Specifically, Company A is experiencing more throttling errors than predicted. This could mean one or more of the following:

The latest AWS API usage patterns are different from what the model has learned from the prior 7 days data.
There are company-specific factors that are not captured in our model.
There may be periodicity or intricacies related to AWS’ throttling algorithms (For example, steady-state throughput allocation v. burst allocation) not captured in the model.

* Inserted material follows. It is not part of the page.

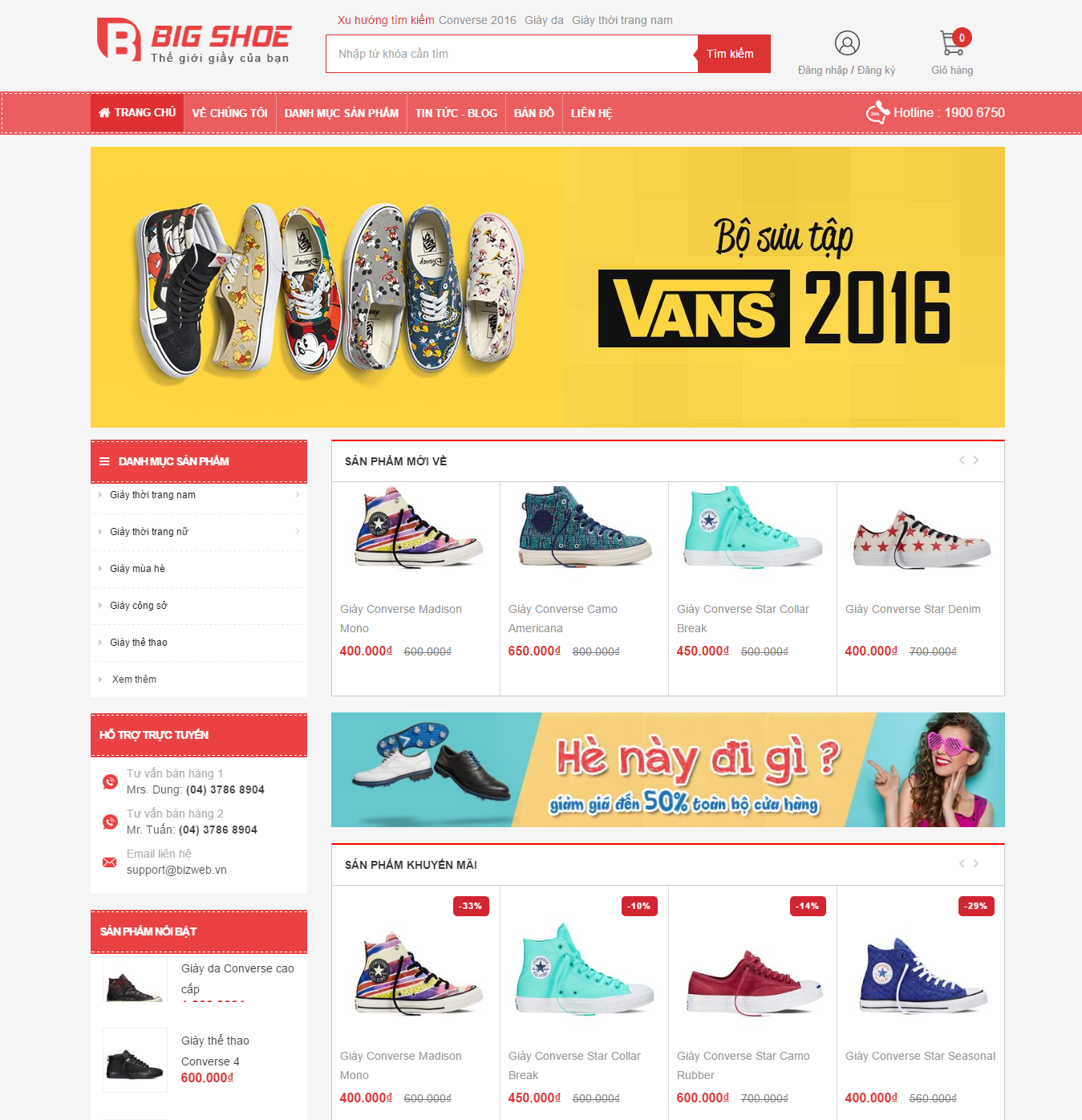 6 Theme Bizweb Responsive đẹp nhất dành tặng khách hàng tháng 7/2016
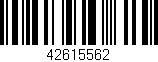 Código de barras (EAN, GTIN, SKU, ISBN): '42615562'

On the other hand, Company B is experiencing fewer throttling errors than predicted. This could mean one or more of the following:

You may experience higher throttling errors in the future based on our models.
The latest AWS API usage patterns are different from what the model has learned from the prior 7 days.
There are company-specific factors that are not captured in our model, such as an increase in API request quota for your company.
There may be periodicity or intricacies related to AWS’ throttling algorithms (For example, steady-state throughput allocation v. burst allocation) not captured in the model.

Consult the AWS documentation for the appropriate service to understand best practices to minimize throttling errors including batching requests and adding exponential backoff retries. See https://docs.aws.amazon.com/AWSEC2/latest/APIReference/query-api-troubleshooting.html for suggestions for EC2 throttling errors.

Use this dashboard to:

Monitor throttling errors in your AWS environment.
Compare your throttling errors by AWS service, API name, region and account to other customers.
Troubleshoot application errors.
Request greater API request limits through AWS Support if you feel your application is consistently being throttled at a greater rate than other customers.

03. My Company’s Account Quota Errors

The GI CloudTrail DevOps - 03. My Company’s Account Quota Errors dashboard depicts account quota errors. Service quotas also referred to as limits, are the maximum number of service resources or operations for your AWS account. The panels compare your account quota errors per minute against the error rates seen in all customers. This can help you assess if account quota limits are the root cause of your application errors. You can select the awsRegion and recipientAccountId to view results by region and account. For more information, see AWS service documentation.

Unlike throttling errors, with few exceptions (For example, DynamoDB errors) account quota errors will persist once you experience them at a rate proportional to your API request rate. The diagram below shows three companies that experience account quota errors for EC2 createLaunchConfiguration API. AWS has a limit of 200 launch configurations per region for this EC2 API. Company A is experiencing account quota errors proportional to its API request rate. This is because they are already at their account limit for the given resource. They will continue to see these errors unless they request a quota upgrade through AWS, remove unused resources, or both.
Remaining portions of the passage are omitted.